Keynote speaker David M. Levine, M.D., general internist at Mass General Brigham and leader of the organization’s hospital-at-home service, described how the program serves patients with more than 75 diagnoses that are traditionally managed in a general medical ward. Common diagnoses include infections, heart failure, and complications of chronic obstructive pulmonary disease, asthma, and diabetes. The Mass General Brigham team is even able to monitor atrial fibrillation with right ventricular failure at home, thanks to the availability of cardiac monitoring equipment.

“Patient selection is the critical thing,” Levine emphasized. “Home hospital is not for every patient.”

Levine said the program relies on the inpatient pharmacy group to provide critical medication management services to hospital-at-home patients. This care is fully integrated into the health system’s electronic medical record system.

Levine said hospital-at-home programs are thriving, with nearly 200 in operation in the past year. But he cautioned that the existence of the programs depends largely on a November 2020 Medicare waiver, in effect for the COVID-19 emergency, that allows hospitals to manage some around-the-clock care remotely.

The waiver “essentially created a [hospital-at-home] regulatory framework and a payment mechanism for the very first time,” Levine said. He noted that advocacy is needed to extend the waiver provisions beyond the pandemic and prod more health-system executives to green-light hospital-at-home services.

“I think there are a lot of health systems that are waiting to see if this will become permanent,” Levine said.

But experts who spoke during an afternoon session emphasized that hospital capacity, not payment for services, drove their organizations to establish home-based acute care services.

“We are busting at the seams,” said Michael Cotugno, director of pharmacy patient care services at Brigham and Women's Hospital. “We’re trying to care for these patients, and we don’t have the beds.”

Margaret Peinovich, senior pharmacy manager of operations for Mayo Clinic Health System in Eau Claire, Wisconsin, noted that hospital-at-home services are far less costly than building out a new acute-care wing.

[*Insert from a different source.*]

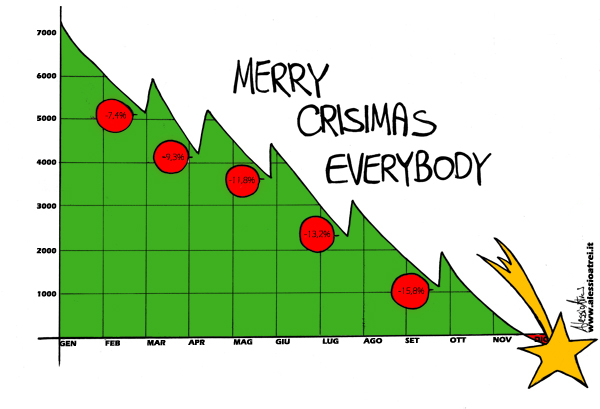 Merry crisimas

And Mitra Z. Gavgani, vice president of community, infusion, and specialty pharmacy services for the Johns Hopkins Home Care Group in Baltimore, Maryland, expects the value of hospital-at-home care to be measured in cost avoidance, not direct revenue, as the aging baby boomer generation strains hospital capacity.

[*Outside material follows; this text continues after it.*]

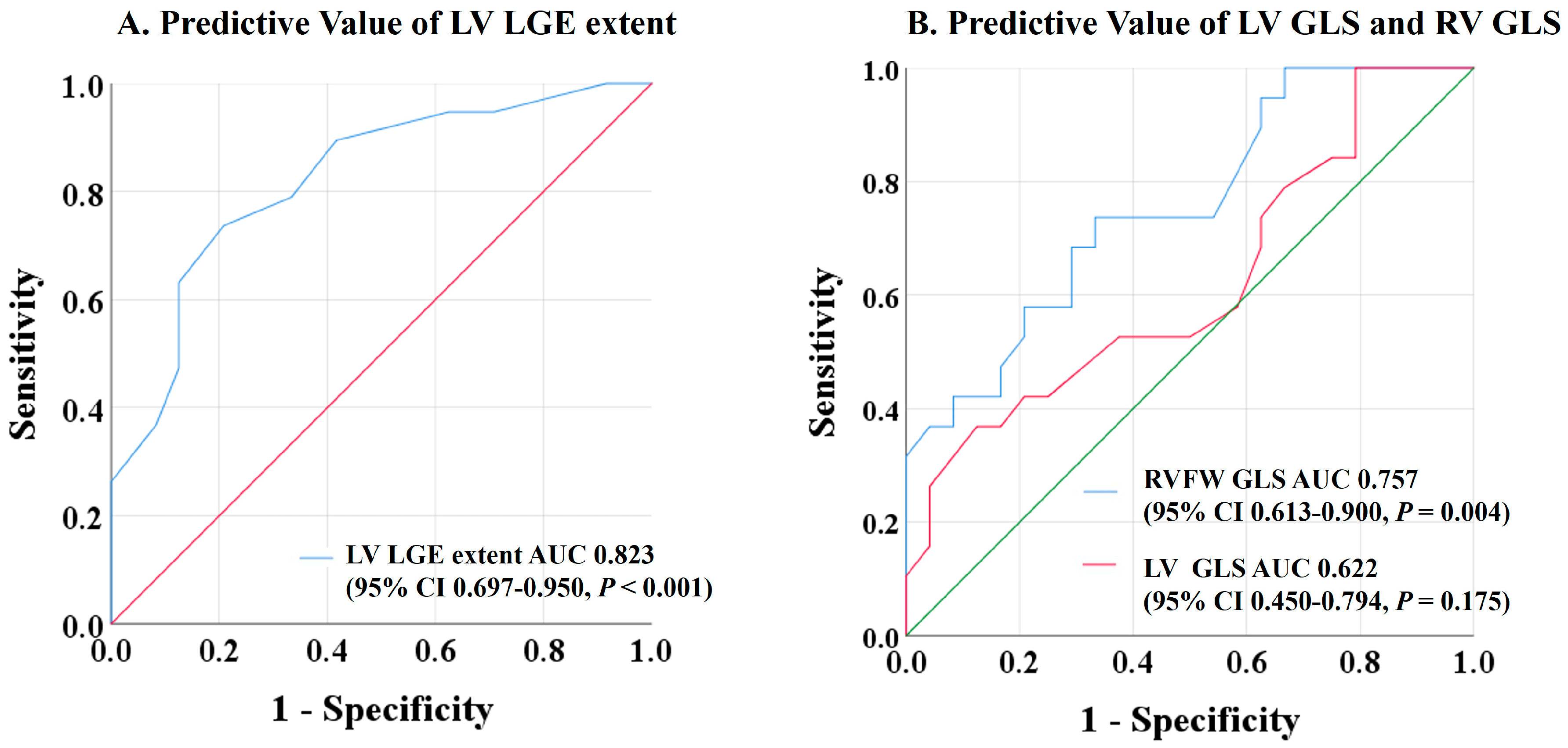 Biomedicines 13 01093 g002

“No health system is ready for the influx of potential volume that will come” from that, she warned.

The meeting featured 10 breakout sessions. Discussion topics included pharmacy’s involvement in attendees’ hospital-at-home services; technological and policy-related barriers and solutions; medication safety; interactions with payers; revenue opportunities; and pharmacy staffing and flexible care opportunities.

An overview of the event’s findings will be released in an upcoming executive summary.

Summaries of PELA's Oct. 29, 2020, inaugural summit, Opportunity for Pharmacy Leadership and Innovation: Shifting from Recovery to Reimagining, and the May 11, 2021, Telehealth Innovations conference, are available at the PELA webpage at ASHP.org.